Sherlock held out his hand to the man. Between his fingers was the agreed upon amount. The man took the notes greedily and counted them quickly.

"You're short," he said.

"Check again," said Sherlock quietly.

The man did so.

"Ah," he said, "my mistake," he smirked. Sherlock had no doubt that this line was often used by customers in order to get them to pay extra for the product they needed so desperately.

After pocketing the money, the thin man pulled a box from his pocket. Sherlock checked its contents before turning away from the man, eager to put distance between himself and the man's stink.

"Pleasure doing business with you," the man called out after him. Sherlock rolled his eyes at the lack of subtlety.

This man was not his usual source. Sherlock had a contact who was based in a hospital a few miles outside of London. This source had, however, decided to take a vacation in Scotland, leaving Sherlock with the name and number of the thin man in the case of an emergency. This was an emergency.

Sherlock was used to his brain's constant activity. It was what he used to solve the cases no one could solve, see the things no one could see, deduce things no one could deduce. There was, however, no off switch. Sherlock had had to learn at an early age what was acceptable to say to and about people and what was unacceptable. His brother had helped somewhat, but he had mostly learned on his own through trial and error as Mycroft's methods, while effective, left him feeling alone. While time spent alone meant time spent away from idiots, it also meant he was lonely.

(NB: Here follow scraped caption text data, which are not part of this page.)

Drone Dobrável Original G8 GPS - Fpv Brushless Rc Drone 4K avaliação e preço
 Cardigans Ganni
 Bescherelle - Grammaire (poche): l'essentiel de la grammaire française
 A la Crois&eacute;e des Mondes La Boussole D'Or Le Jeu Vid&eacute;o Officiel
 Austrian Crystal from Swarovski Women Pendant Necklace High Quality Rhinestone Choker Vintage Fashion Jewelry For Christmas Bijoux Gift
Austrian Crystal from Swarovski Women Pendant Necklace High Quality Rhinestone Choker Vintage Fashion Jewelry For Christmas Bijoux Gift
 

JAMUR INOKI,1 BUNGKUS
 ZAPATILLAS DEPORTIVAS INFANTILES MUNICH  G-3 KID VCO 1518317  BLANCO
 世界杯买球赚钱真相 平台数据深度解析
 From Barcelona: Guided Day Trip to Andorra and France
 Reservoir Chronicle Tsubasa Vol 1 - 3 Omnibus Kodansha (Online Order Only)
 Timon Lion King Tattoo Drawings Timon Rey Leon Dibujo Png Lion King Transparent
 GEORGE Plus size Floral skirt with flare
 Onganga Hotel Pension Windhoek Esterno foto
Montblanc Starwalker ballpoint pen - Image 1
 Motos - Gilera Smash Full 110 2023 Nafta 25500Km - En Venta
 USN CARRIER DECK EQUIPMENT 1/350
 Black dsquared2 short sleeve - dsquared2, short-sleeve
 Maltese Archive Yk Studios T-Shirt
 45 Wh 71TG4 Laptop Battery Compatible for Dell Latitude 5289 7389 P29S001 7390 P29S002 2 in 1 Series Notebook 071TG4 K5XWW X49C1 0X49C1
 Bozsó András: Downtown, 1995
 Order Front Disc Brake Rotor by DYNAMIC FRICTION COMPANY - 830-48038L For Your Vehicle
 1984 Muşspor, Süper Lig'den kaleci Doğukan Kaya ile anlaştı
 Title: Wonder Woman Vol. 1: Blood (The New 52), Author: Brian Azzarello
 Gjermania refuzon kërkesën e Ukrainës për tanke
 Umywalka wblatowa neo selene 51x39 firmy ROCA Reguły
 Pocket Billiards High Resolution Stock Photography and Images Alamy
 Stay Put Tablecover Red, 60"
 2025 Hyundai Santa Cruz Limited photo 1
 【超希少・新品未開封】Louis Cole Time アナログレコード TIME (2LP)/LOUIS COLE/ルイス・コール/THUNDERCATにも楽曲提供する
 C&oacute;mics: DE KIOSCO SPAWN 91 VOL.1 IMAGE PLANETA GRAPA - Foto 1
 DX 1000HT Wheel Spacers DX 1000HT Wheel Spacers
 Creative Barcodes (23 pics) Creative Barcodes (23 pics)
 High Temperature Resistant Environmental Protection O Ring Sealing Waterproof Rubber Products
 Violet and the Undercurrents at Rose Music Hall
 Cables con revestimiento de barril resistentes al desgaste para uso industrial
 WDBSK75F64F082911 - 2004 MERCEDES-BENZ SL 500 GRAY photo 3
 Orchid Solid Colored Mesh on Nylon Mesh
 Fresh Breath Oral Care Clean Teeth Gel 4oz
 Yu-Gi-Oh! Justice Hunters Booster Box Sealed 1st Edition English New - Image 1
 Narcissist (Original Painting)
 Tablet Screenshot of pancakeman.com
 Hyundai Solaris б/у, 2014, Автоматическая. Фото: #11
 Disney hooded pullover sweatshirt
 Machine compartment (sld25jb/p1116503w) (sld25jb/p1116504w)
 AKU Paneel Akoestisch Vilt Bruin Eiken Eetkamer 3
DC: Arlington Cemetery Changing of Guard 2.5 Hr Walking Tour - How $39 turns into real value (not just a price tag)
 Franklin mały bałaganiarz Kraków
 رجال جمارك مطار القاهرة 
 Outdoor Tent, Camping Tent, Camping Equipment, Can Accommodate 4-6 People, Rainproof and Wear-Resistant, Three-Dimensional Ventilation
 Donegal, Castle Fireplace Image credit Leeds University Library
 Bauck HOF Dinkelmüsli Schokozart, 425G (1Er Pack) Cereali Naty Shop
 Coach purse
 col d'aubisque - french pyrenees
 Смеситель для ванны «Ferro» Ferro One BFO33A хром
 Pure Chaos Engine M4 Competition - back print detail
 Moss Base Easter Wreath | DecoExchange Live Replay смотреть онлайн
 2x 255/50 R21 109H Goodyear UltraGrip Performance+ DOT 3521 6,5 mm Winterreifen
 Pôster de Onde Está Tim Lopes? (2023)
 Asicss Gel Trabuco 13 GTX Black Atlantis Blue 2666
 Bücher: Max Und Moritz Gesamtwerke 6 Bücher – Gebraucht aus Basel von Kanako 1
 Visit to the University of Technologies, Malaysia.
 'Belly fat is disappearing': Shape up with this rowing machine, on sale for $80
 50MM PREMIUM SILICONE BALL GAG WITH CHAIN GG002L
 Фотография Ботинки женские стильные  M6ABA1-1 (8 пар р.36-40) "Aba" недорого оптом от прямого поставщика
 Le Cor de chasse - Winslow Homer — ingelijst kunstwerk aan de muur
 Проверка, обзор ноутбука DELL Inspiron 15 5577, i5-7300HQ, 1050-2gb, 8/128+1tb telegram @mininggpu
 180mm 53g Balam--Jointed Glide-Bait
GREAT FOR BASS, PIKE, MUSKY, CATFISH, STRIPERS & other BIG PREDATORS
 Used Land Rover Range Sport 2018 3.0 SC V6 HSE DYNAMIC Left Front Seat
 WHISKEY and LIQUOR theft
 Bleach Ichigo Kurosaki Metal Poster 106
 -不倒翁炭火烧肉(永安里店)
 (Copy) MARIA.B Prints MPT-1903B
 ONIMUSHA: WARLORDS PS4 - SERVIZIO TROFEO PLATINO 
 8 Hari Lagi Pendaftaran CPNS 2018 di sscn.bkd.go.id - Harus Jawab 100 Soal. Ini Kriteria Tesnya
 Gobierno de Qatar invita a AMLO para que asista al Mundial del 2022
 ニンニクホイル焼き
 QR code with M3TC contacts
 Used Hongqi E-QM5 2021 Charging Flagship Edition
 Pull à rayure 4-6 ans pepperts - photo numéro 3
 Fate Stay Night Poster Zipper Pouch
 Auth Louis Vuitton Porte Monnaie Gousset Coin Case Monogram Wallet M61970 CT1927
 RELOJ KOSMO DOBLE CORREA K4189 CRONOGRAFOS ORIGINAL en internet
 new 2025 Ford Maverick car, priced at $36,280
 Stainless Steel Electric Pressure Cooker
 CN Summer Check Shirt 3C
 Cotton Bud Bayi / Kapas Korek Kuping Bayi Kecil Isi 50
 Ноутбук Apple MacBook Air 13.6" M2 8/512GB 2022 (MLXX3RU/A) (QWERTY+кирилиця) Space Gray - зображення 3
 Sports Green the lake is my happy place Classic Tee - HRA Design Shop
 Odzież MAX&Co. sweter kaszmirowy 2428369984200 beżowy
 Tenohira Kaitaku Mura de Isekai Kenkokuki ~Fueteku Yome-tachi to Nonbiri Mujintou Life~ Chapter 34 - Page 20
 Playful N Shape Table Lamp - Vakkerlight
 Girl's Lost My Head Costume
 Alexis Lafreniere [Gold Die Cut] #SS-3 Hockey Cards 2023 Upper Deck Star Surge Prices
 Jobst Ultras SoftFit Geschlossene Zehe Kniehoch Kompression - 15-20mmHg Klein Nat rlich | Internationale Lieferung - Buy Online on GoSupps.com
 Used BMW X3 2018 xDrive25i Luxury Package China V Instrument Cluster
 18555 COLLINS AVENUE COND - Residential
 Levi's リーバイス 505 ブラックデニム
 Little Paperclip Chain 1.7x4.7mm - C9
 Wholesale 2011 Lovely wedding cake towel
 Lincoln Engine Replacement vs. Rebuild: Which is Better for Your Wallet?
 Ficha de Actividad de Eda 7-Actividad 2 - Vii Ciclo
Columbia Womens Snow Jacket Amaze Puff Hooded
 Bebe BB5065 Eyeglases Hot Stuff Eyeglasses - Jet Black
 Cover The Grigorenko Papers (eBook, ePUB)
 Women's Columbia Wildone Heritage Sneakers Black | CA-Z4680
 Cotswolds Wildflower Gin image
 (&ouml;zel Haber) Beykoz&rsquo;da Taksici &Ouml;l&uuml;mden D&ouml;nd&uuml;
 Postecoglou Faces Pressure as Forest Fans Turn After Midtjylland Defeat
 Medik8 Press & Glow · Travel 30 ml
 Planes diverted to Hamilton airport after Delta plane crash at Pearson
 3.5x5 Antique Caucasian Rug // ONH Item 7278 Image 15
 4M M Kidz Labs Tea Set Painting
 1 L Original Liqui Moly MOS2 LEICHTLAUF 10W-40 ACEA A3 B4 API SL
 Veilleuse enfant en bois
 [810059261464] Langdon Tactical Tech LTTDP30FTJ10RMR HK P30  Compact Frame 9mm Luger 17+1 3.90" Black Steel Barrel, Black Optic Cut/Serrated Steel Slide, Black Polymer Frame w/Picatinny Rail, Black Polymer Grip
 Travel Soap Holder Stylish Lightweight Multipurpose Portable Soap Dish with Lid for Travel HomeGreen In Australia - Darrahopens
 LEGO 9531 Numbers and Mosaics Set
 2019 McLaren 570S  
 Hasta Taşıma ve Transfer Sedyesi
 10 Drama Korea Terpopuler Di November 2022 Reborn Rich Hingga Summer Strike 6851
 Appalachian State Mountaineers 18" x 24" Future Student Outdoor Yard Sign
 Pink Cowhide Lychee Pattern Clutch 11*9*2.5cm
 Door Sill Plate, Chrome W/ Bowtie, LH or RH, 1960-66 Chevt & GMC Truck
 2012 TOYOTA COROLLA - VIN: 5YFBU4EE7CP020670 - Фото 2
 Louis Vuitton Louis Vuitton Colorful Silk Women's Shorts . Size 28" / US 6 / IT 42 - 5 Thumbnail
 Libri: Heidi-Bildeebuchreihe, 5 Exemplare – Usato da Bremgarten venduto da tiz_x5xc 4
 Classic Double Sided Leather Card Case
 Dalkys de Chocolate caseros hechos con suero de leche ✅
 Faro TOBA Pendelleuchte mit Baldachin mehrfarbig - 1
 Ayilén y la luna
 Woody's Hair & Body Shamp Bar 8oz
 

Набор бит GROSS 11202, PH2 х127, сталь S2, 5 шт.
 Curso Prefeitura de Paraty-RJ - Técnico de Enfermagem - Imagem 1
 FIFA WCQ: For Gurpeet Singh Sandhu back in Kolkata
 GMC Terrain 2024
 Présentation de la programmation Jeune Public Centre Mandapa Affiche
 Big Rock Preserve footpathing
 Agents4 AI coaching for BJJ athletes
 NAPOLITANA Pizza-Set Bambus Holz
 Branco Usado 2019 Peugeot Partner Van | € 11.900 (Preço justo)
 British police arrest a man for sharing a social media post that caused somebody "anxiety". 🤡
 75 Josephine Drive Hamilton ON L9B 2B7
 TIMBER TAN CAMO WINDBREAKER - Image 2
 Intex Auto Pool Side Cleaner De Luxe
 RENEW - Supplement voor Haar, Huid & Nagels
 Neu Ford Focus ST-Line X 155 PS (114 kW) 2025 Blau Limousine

So Sherlock developed his own methods for dealing with "other" people, but after Redbeard, he grew more like his brother in order to never feel such pain again. He isolated himself, it was easy considering his ability, not just for deduction, but also for offending anyone who got too close.

It was hard, now that he had friends to not automatically say the things he saw that they did not wish for him to see. John's sleepless nights. Rosie's sick on the shoulder of his jumper. Molly's lack of lipstick, the bags under her eyes. Sometimes he did not want his brain to process everything he saw. Sometimes he needed his brain to quieten down enough so that he could get some sleep. So that he could sort through the mess that his last case had become and file everything away into its correct place in his mind palace. He needed time to order his thoughts, especially his thoughts of her. Molly. His thoughts of his pathologist were getting severely out of hand. He needed to put them back into her room in his mind so that he could think clearly again.

This is where his contact outside of London came in. The man owed Sherlock his life for solving a case that concerned his wife, her foot and a scandal fit for the stage. So supplying SHerlock with morphine every now and then was a small favour. Sherlock had not expected this emergency. The contact was due back in London within a week, but Sherlock could not wait another week. He could not endure another week of sleepless nights or another week of an unquiet head.

Upon his return to 221B Baker Street, Sherlock wasted no time in taking his usual dosage of morphine. He felt it as it made its way through his veins. He felt it as it calmed his heartbeat. He waited for it to reach his mind. As it did, he realised that Molly's room had become a hall. Rows upon rows of cabinets full of files that were filled with details about her. Her favourite coffee, her favourite tea. How she took each, what she meant by 'enough' when he observed how much milk she took in each. Which crisps she liked, which ones she never touched. Which perfume she wore, what shade of lipstick she favoured and what each shade meant for her mood. Details. So many details, but not much information. There was much he did not know about his pathologist, but for now, he was content to be able to quieten his mind down enough so that sleep came and his thoughts did not overwhelm him so much. In his last waking moments, he allowed his mind to focus on her hair and how it shined in the sunlight. And how the smile on her face was all the sunlight he would ever need.